Lo más curioso es: ¿cómo es posible que una botella de refresco se convierta en una herramienta para combatir uno de los mayores problemas de la actualidad?
El plástico no es el enemigo que creíamos
Como si estuviéramos viviendo en una auténtica Matrix, en un laboratorio se están replanteando la idea de que el plástico sea únicamente un enemigo del planeta.
La idea de usar microorganismos para obtener materiales no es nueva, al fin y al cabo, llevamos siglos usándolos para hacer pan o cerveza. Sin embargo, los avances logrados en la Universidad de Edimburgo representan un salto significativo.
Los científicos han logrado «reprogramar» bacterias E. coli para que vean el plástico como su comida favorita, lo desarmen pieza por pieza y usen esas partes para construir moléculas totalmente nuevas.
De hecho, este experimento ya nos dio una alegría en 2025, cuando este mismo equipo consiguió que las bacterias fabricaran paracetamol a partir de desechos. Esto fue un golpe de realidad. Demostró que los residuos podían contribuir al botiquín de casa.
A este proceso lo denominan bio-upcycling, y va más allá del reciclaje tradicional: en lugar de reutilizar el material, transforma el carbono del plástico en compuestos de mayor valor, como medicamentos.
Es un enfoque prometedor, pues convertimos la contaminación en recursos útiles para la salud y con menor impacto ambiental.
Una nueva forma de entender los residuos
Ante el cansancio de ver el océano contaminado, varios científicos decidieron proponer una nueva solución. El proceso funciona de esta manera:
Todo empieza descomponiendo las botellas de plástico hasta obtener ácido tereftálico, un compuesto que estas bacterias pueden utilizar como fuente de carbono, básicamente su plato favorito.
Una vez que los microorganismos ingieren este derivado del plástico, su maquinaria interna —modificada por los científicos— actúa como una línea de ensamblaje microscópica.
Tal como lo explica Nature, estas bacterias no necesitan que les enseñen química desde cero. Ellas ya tienen las herramientas naturales, que los investigadores redirigen para producir los compuestos deseados.
Lo más fascinante es que este método podría aplicarse a casi cualquier tipo de bacteria, lo que abre la posibilidad de utilizar microorganismos como pequeñas “refinerías” biológicas.

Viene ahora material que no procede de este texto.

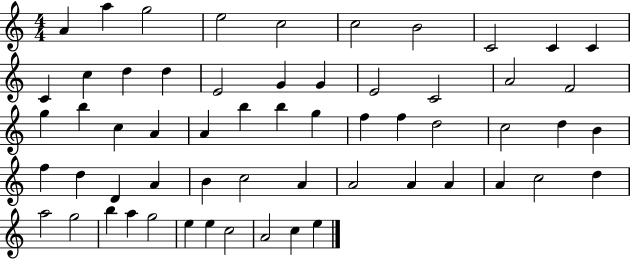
A4/q A5/q G5/h E5/h C5/h C5/h B4/h C4/h C4/q C4/q C4/q C5/q D5/q D5/q E4/h G4/q G4/q E4/h C4/h A4/h F4/h G5/q B5/q C5/q A4/q A4/q B5/q B5/q G5/q F5/q F5/q D5/h C5/h D5/q B4/q F5/q D5/q D4/q A4/q B4/q C5/h A4/q A4/h A4/q A4/q A4/q C5/h D5/q A5/h G5/h B5/q A5/q G5/h E5/q E5/q C5/h A4/h C5/q E5/q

La fabricación de medicamentos suele ser costosa y lo será aún más con el aumento de la inflación. Sin embargo, modificar la complejidad de las tecnologías hacia bacterias que «reciclan» botellas para crear fármacos es mucho más barato y, sobre todo, más ético con el planeta.
Pero, aunque el paracetamol de 2025 fue un gran logro, el nuevo hito de marzo de 2026 ha dejado a todos con la boca abierta por el avance contra una enfermedad degenerativa.
El arma que nace de una botella de plástico
El resultado definitivo de este último experimento ha sido la creación de L-DOPA, el fármaco principal y más utilizado en todo el mundo para tratar los síntomas de la enfermedad de Parkinson.
Este trastorno neurológico afecta a la movilidad, al equilibrio y a la calidad de vida de millones de personas, y fabricar su medicina siempre ha sido un proceso químico complejo que depende de materias primas fósiles.
Gracias a este descubrimiento, el carbono que antes terminaba flotando en el océano o enterrado en un vertedero, ahora se convierte en la molécula que ayuda a los pacientes a recuperar el control de sus cuerpos y sus movimientos.
El plástico ha dejado de ser solo basura persistente para convertirse en la gran esperanza de quienes luchan cada día contra el Parkinson. Puede que tomemos malas decisiones sobre nuestros ingresos, pero ahora estamos presenciando cómo el desecho más odiado del siglo XXI se transforma en el alivio farmacológico que tanto necesitábamos.